### Task details
Output all of the data verbatim.
Top of Data below
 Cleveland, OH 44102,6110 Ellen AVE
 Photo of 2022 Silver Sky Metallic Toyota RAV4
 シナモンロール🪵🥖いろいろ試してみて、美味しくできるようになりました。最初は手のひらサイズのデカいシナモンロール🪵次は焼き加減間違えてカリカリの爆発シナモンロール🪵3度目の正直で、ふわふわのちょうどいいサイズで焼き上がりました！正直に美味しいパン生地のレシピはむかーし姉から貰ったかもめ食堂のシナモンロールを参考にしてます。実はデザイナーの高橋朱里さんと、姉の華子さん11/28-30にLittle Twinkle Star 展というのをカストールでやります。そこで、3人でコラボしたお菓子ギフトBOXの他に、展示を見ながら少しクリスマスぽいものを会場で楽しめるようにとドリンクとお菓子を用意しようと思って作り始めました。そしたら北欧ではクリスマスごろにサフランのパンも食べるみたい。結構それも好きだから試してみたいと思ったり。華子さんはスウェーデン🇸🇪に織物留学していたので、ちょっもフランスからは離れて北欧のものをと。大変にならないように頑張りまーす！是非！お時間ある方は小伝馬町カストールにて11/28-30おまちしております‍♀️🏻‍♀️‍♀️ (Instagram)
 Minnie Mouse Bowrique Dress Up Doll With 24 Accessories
Bottom of Data below
### The answer
 Cleveland, OH 44102,6110 Ellen AVE
 Photo of 2022 Silver Sky Metallic Toyota RAV4
 シナモンロール🪵🥖いろいろ試してみて、美味しくできるようになりました。最初は手のひらサイズのデカいシナモンロール🪵次は焼き加減間違えてカリカリの爆発シナモンロール🪵3度目の正直で、ふわふわのちょうどいいサイズで焼き上がりました！正直に美味しいパン生地のレシピはむかーし姉から貰ったかもめ食堂のシナモンロールを参考にしてます。実はデザイナーの高橋朱里さんと、姉の華子さん11/28-30にLittle Twinkle Star 展というのをカストールでやります。そこで、3人でコラボしたお菓子ギフトBOXの他に、展示を見ながら少しクリスマスぽいものを会場で楽しめるようにとドリンクとお菓子を用意しようと思って作り始めました。そしたら北欧ではクリスマスごろにサフランのパンも食べるみたい。結構それも好きだから試してみたいと思ったり。華子さんはスウェーデン🇸🇪に織物留学していたので、ちょっもフランスからは離れて北欧のものをと。大変にならないように頑張りまーす！是非！お時間ある方は小伝馬町カストールにて11/28-30おまちしております‍♀️🏻‍♀️‍♀️ (Instagram)
 Minnie Mouse Bowrique Dress Up Doll With 24 Accessories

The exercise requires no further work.